Auto-retrato (Manteau rouge), de Tarsila do Amaral. Sobre ele comenta Aracy Amaral: "seu auto-retrato de 1923, vestida com um manteau de Jean Patou que dá nome ao quadro (Manteau rouge), antecipa a idealização de sua própria figura por meio de uma síntese de formas e linhas, visão frontal e redução cromática" (Aracy Amaral).

São Paulo (1924), de Tarsila do Amaral. Sobre ela comenta Aracy Amaral: "É a pintura que desenvolveu, a partir de 1924, verdadeiro cântico de entusiasmo à cidade de São Paulo e ao progresso (palavra mágica então), com as locomotivas, passagens de nível, trilhos, o rural também transparecendo na cor, na sobreposição dos elementos em 'presépio', sem perspectiva. Quando reproduz a cidade, é sempre uma São Paulo lírica e leve, árvores-balões, frutas-ovóides, verdadeiras ilustrações poéticas
para textos de [Blaise] Cendrars" (Aracy Amaral).

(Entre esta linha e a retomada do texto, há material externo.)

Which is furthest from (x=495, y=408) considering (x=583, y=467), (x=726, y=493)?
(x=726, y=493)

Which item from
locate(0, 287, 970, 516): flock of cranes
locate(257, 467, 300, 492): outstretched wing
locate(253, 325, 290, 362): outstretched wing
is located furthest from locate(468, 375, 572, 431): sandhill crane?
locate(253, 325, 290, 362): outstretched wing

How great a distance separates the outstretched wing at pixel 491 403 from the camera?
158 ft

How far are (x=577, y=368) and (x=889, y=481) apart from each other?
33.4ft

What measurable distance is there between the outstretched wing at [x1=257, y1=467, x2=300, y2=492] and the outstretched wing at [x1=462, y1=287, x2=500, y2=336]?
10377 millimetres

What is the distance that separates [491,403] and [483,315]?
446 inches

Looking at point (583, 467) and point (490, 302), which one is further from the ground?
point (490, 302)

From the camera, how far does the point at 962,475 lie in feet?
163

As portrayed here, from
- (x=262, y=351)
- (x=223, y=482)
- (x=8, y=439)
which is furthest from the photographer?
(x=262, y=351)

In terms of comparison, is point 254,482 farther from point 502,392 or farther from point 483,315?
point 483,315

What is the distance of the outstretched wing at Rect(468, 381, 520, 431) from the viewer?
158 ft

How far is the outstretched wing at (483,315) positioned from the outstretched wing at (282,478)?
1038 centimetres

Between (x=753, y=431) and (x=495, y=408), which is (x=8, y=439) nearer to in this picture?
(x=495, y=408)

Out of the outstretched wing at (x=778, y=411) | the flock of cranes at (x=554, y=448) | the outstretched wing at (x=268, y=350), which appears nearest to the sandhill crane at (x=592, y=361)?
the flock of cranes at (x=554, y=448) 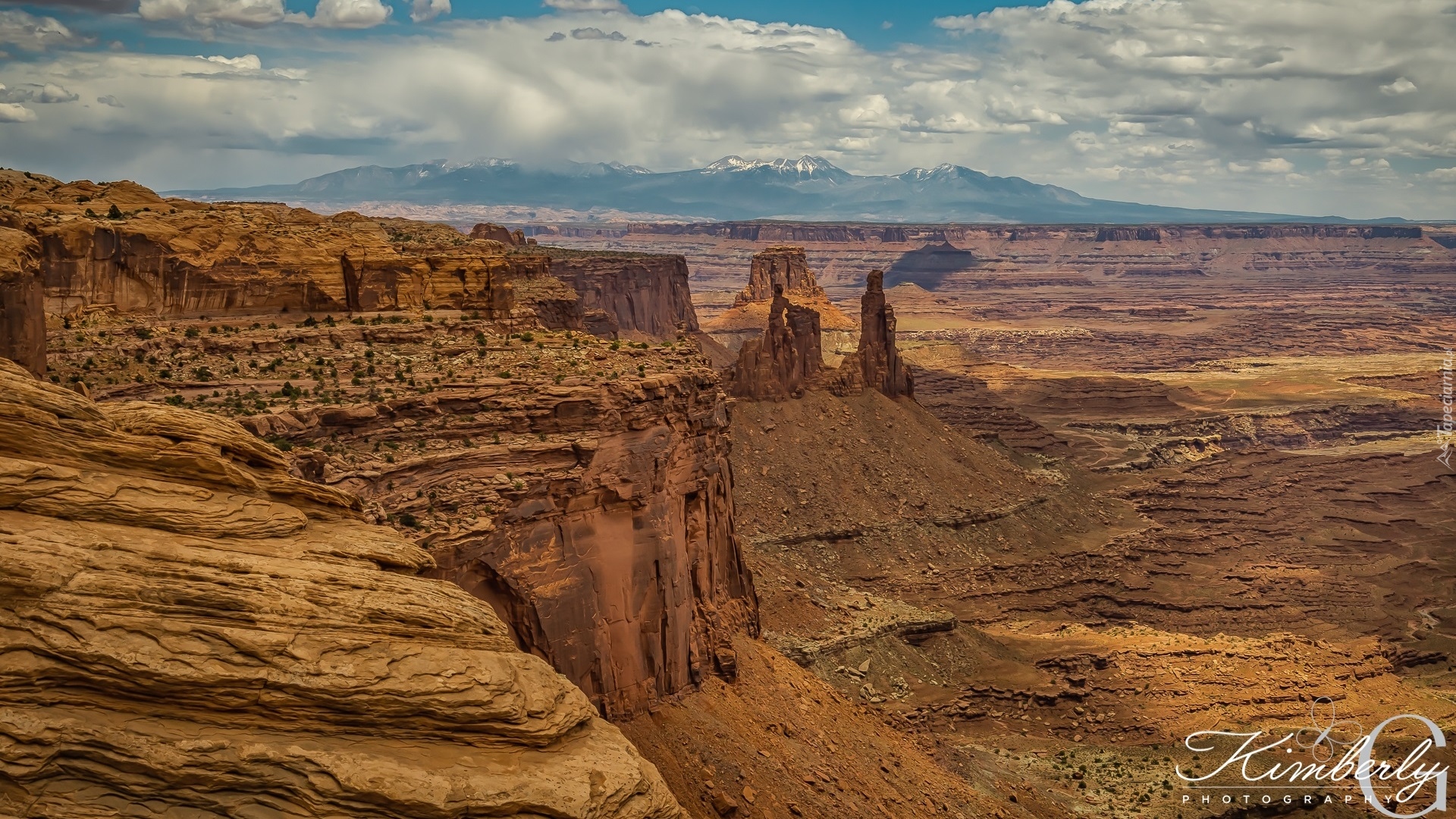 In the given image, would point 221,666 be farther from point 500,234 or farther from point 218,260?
point 500,234

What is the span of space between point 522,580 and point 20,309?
11.2 metres

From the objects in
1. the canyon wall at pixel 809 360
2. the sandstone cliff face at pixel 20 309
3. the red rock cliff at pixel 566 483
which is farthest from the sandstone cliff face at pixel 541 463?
the canyon wall at pixel 809 360

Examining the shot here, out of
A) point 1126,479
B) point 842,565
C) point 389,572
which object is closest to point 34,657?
point 389,572

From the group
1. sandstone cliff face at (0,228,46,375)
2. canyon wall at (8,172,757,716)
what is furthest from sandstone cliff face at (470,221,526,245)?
sandstone cliff face at (0,228,46,375)

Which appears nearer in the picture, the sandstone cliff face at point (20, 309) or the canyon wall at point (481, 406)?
the sandstone cliff face at point (20, 309)

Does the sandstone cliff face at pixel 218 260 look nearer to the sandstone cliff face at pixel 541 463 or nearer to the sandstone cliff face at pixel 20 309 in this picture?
the sandstone cliff face at pixel 541 463

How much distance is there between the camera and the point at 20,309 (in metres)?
25.4

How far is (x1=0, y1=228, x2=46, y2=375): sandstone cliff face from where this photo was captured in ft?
82.2

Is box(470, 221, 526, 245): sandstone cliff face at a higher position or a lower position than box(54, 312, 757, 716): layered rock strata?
higher

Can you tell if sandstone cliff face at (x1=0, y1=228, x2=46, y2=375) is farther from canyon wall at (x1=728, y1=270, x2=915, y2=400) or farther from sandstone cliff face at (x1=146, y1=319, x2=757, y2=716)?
canyon wall at (x1=728, y1=270, x2=915, y2=400)

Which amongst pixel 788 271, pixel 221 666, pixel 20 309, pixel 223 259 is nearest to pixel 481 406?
pixel 223 259

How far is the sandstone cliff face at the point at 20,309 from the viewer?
25047 millimetres

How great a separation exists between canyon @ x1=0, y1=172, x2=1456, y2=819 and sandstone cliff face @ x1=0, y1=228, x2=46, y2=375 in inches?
3.7

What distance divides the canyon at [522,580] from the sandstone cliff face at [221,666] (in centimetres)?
5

A Negra (1923), de Tarsila do Amaral.

São Paulo (1924), de Tarsila do Amaral. Sobre esta tela escreveu Mário de Andrade: "Observe-se o São Paulo por exemplo. Seria vão provar a plasticidade eminente, violenta mesmo dessa obra. Mas os objetos escolhidos para a criação formam uma expressão intensa e nacionalista do que é a cidade paulistana. Aí está no Gazo o [sic] fúria do anúncio que caracteriza as grandes aglomerações industriais. Na avenida larga da moderna S. Paulo, com árvores que lembram a riqueza da nossa arborização, trilhos de bonde, a figura esquipática do Forde (...). E lá está o distribuidor de gasolina Motano, como a força matriz desse enorme movimento. Convém ainda notar que a escolha do Forde e não duma Cadillac não foi feita ao caso. Todo o interior das riquezas fluindo, concorrendo para a grandeza da estranha capital paulista. A parte colonial da cidade não se esqueceu. Mas nessa as chaminés dominam e se espeta dominador o arranha-céu."

Retrato de Oswald de Andrade (1922), de Tarsila do Amaral.